[Ecls-list] ECL stability tips

Sat Nov 30 16:04:58 UTC 2013

As I'm working on a new project written in Lisp for ECL, I have
encountered some stability issues, but it seems that it's now getting
much more stable after having investigated the issues and consequently
doing some tests.  Ideally this should probably eventually be
documented better and officially, but I thought I'd share these for now.

If someone can adapt some of this to actual documentation, they're
welcome.  Other than the wiki, the current documentation seems to be
docbook which I personally have no experience with yet.

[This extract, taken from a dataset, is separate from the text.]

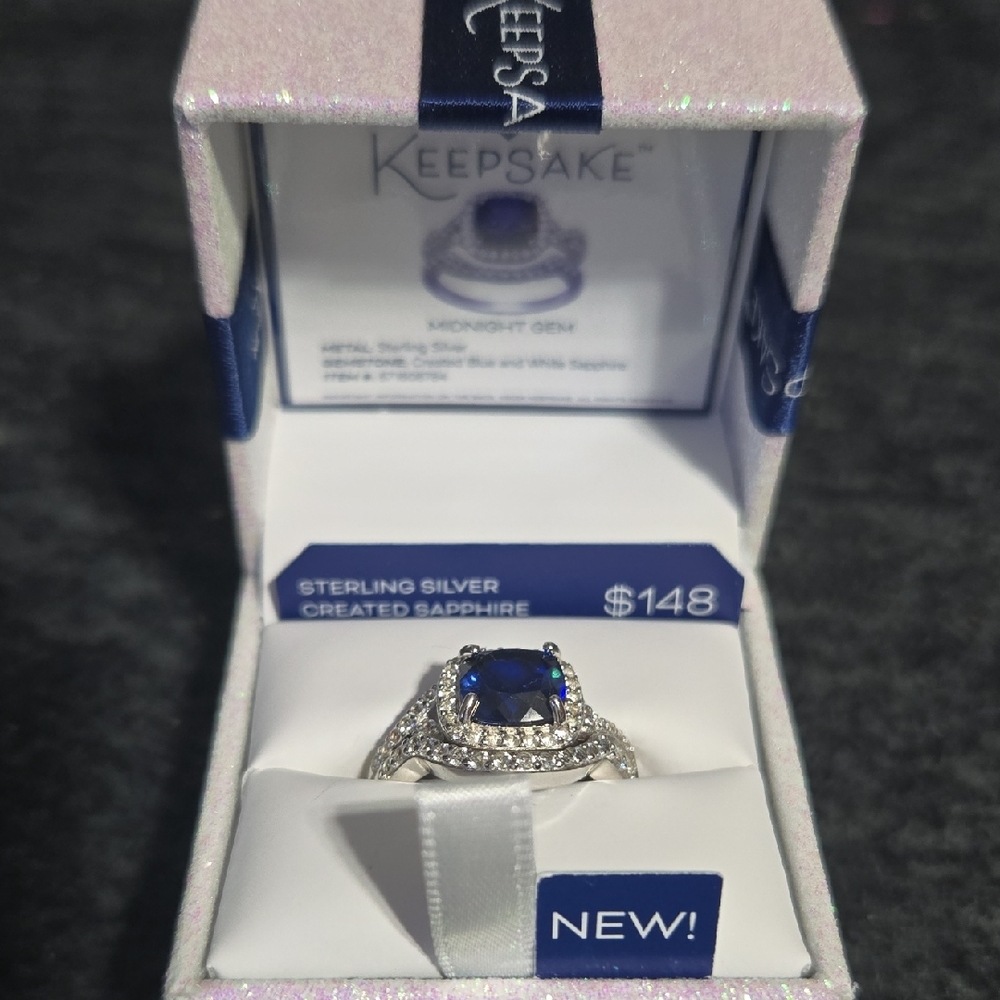 NWOT KEEPSAKE Silver Ring with Blue Gemstone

- One issue involved unresponsive busy loops with ENOMEM errors
  encountered by ECL and libgc.

  NetBSD (among other multiuser systems) implements soft/current and
  hard/maximum limits on various resources and these are configurable
  via login classes (login.conf) and sysctl (or setrlimit(2)) per
  process.  Soft limits on datasize will issue ENOMEM errors, and as an
  option the process might raise the limit until the maximum limit is
  reached (it seems that ECL or libgc don't do it automatically,
  though, and won't adapt their own limits to the current rlimits).

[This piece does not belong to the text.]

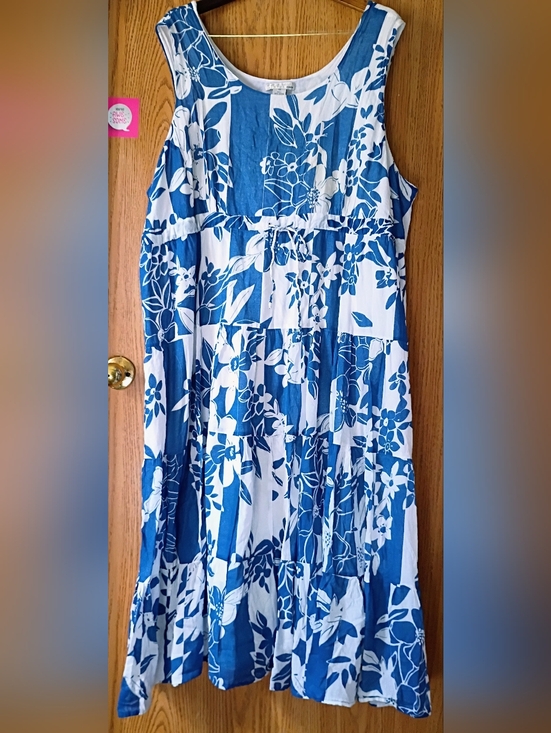 Vasna Desire Dresses & Skirts - Blue & White Floral Tiered Maxi Dress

  The default ECL memory heap size used with Boehm-GC seems to be 1GB
  (and is configurable using the --heap-size option, or with the
  EXT:SET-LIMIT function.  If that size is reached, ECL signals a
  condition with the option to grow the heap.  If the OS-specific limit
  is reached before the ECL configured limit is reached, desastrous
  consequences can arise, where ECL endlessly loops attempting to
  signal a condition but getting ENOMEM errors doing so.  This could
  possibly be worked around using some preallocated memory for that
  very situation.  However, ensuring that the ECL heap limit is always
  smaller than the OS-set limit prevents this situation.

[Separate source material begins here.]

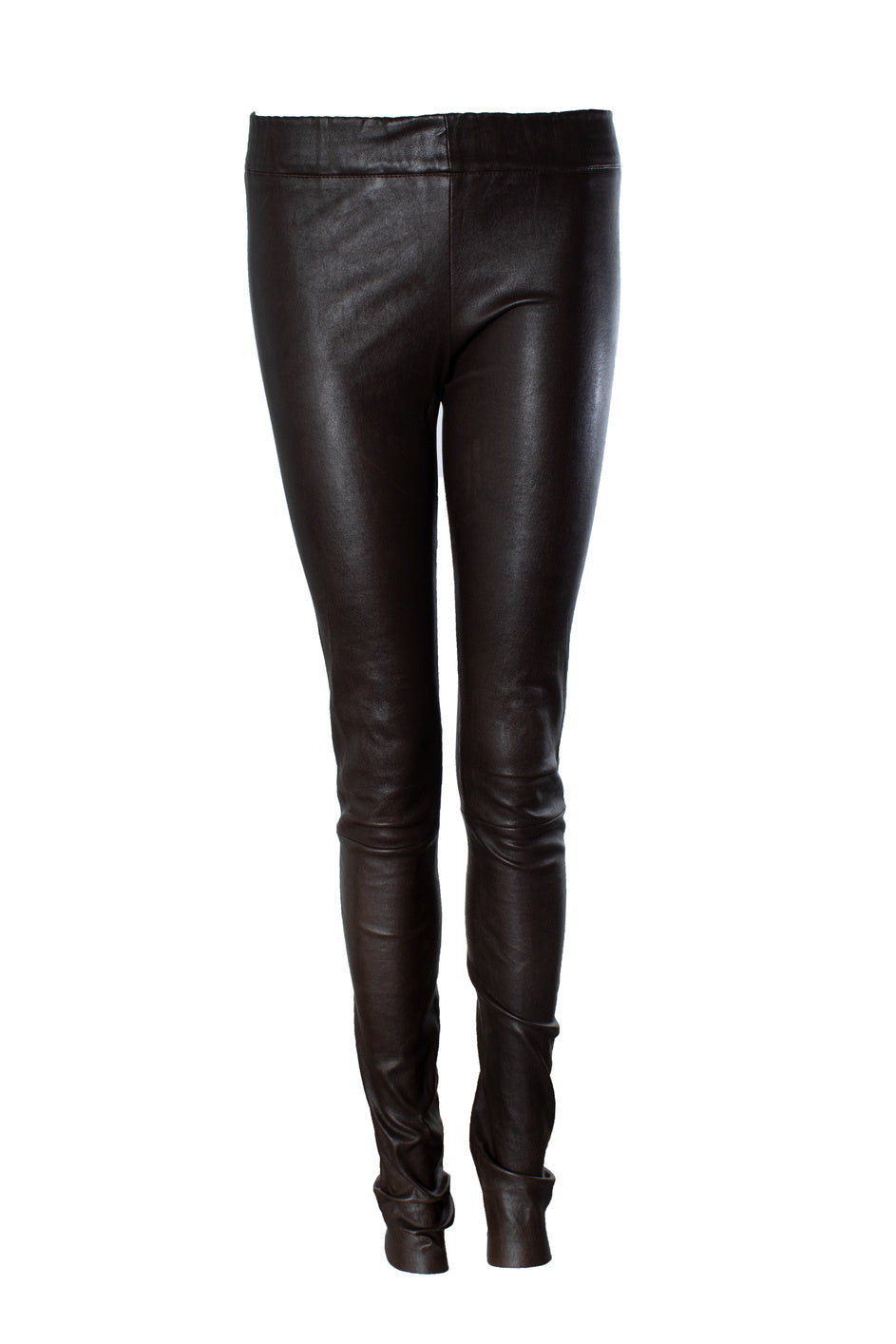, dark brown leather leggings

  Similar problems might occur with other limits such as the stack or
  file descriptors.  I suspect that reaching the fd limit is less
  critical than the stack or heap limit.  ECL's stack limit should also
  be smaller than the OS's stacksize soft limit.  These default limits
  are set in src/c/main.d.

- Another problem I recently faced had to do with Boehm-GC (libgc)
  locking in a deadlock when it needs to collect or grow (it then goes
  through the routine GC_collect_or_expand() ->
  GC_try_to_collect_inner() -> GC_stopped_mark() -> GC_stop_world()).

  To stop the world and perform a garbage collection run, it uses
  OS-specific code, on several POSIX systems it uses pthread_kill() to
  interrupt every thread with a signal and cause them to invoke the
  GC_suspend_handler() signal handler.  Those threads then wait for
  another signal or on a lock/condvar to resume after collection.

  Unfortunately that part is complex and error-prone, and considering
  all the OS-specifics libgc may be more stable and better tested on
  some systems than others.  The ECL-supplied gc (7.1.9 if I remember)
  is slower on NetBSD than the one I had compiled from pkgsrc (7.2),
  but it took me longer to reproduce the issue with it.

  Stdio file descriptors have an internal buffer state, which
  internally use mutexes on NetBSD when a process is linked with
  libpthread.  It appears that libgc has concurrency issues when stdio
  is heavily used when it attempts to collect.  I could not reproduce
  that issue yet on Linux+glibc, but I assume libgc is also more tested
  on it.

  I wrote some minimal test to reproduce the issue and it indeed had to
  do with threaded libgc+stdio.  I then modified my application to
  use :CSTREAM NIL when opening its output FIFO file, and the
  application uptime was noticeably better.  There however were two
  remaining issues: only one character at a time was written, even
  using WRITE-SEQUENCE on a LATIN-1 or PASSTHROUGH external format
  (meaning in this case several thousand write(2) syscalls per second,
  surrounded by other syscalls related to interrupt control).  Despite
  this I decided to initially stress test the application, and it had a
  decent uptime, until the same issue happened again.  I then noticed a
  spurious fflush(3) call, which might be that of eformat_write*().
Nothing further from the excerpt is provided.